Esto tendría múltiples consecuencias. No solo colocará probablemente la piedra tumbal sobre las aspiraciones —y el derecho— de los palestinos, sino que arrojará a Irán aún más en brazos de Rusia y China, consolidando el naciente eje autoritario asiático junto a Corea del Norte.
Taiwán
Aunque la relación de la nueva presidencia Trump con China será marcada de entrada por los aranceles que EE UU pueda imponer o las nuevas restricciones al acceso a tecnologías sensibles, un punto estratégico esencial a medio y largo plazo serán las señales que el nuevo mandatario emitirá acerca de Taiwán.
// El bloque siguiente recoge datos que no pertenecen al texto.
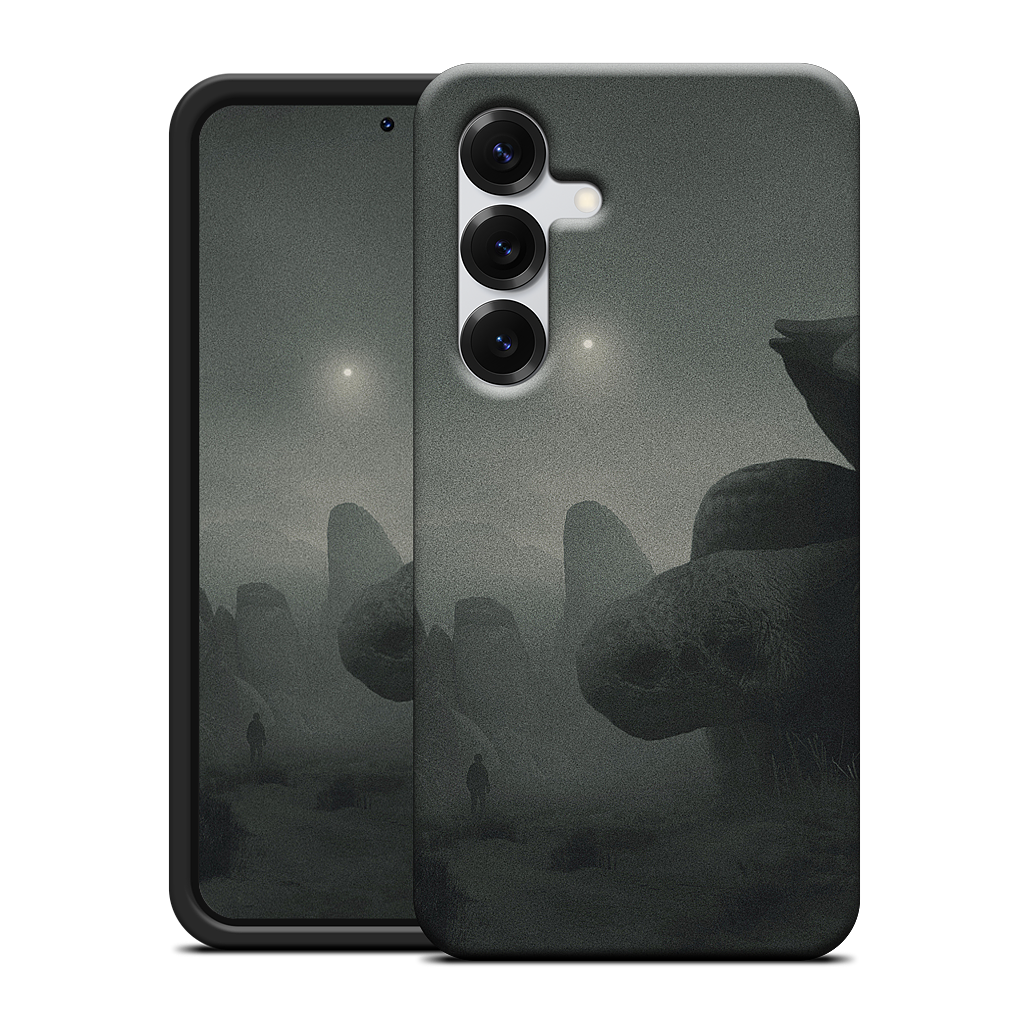 The Spirit Samsung Case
Hay que recordar que Xi Jinping ha señalado reiteradamente que el “rejuvenecimiento” de China que él busca entraña necesariamente la afirmación del control de Pekín sobre la isla. Biden ha sido el presidente estadounidense más explícito en prometer una defensa de Taiwán en caso de que resultara atacada de forma injustificada.
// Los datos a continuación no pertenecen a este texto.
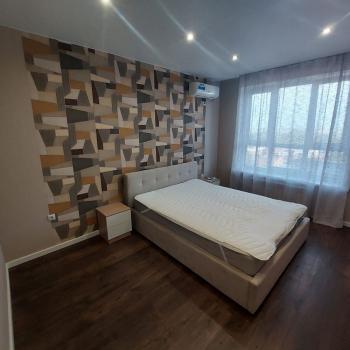 Продается 1-комнатная квартира, 41 м²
Si bien la voluntad de conservar la primacía de EE UU frente a China es parte central del discurso de Trump —y es, de paso, el único consenso bipartidista de Washington—, el instinto aislacionista y el recelo a involucrarse en operaciones bélicas son parte esencial de su política. Si Pekín interpretara que Trump no está dispuesto a activarse para defender a Taiwán, esto podría modificar los cálculos acerca de la oportunidad de una acción militar para subyugar la isla.
Corea
El estrechamiento de los lazos entre Pyongyang y Moscú despierta muchas inquietudes. La razón primera es evidente: a través del apoyo militar a Rusia, Corea del Norte busca obtener a cambio ayudas del Kremlin —tecnología militar, alimentos, energía— y en general una posibilidad de no depender solo de China, ampliar sus opciones, tener una capacidad triangular en vez de solo bilateral. Pero algunos se preguntan si la activación de esa cláusula de mutuo apoyo bélico es un paso para fortalecer las opciones de atacar a Corea del Sur. Esto no es probable, pero no es conveniente descartar nada, sobre todo si la rama aislacionista acabara imponiéndose en la nueva Administración Trump.
No hay ninguna certeza acerca de lo que hará Trump. Es posible que ninguno de los peores escenarios se materialice. Pero el historial de la primera presidencia, y de la reciente campaña, da la sensación de que —a diferencia de lo que ocurrió en 2016— no se rodeará de figuras del establishment republicano —que frenaron sus instintos—. Entonces ni él pensaba que ganaría, no tenía realmente ni un programa ni un equipo preparado. Esta vez es diferente. Esta vez parece más probable un quiebre profundo del entramado de alianzas construido por EE UU después de 1945 y una consistente alteración del panorama geopolítico.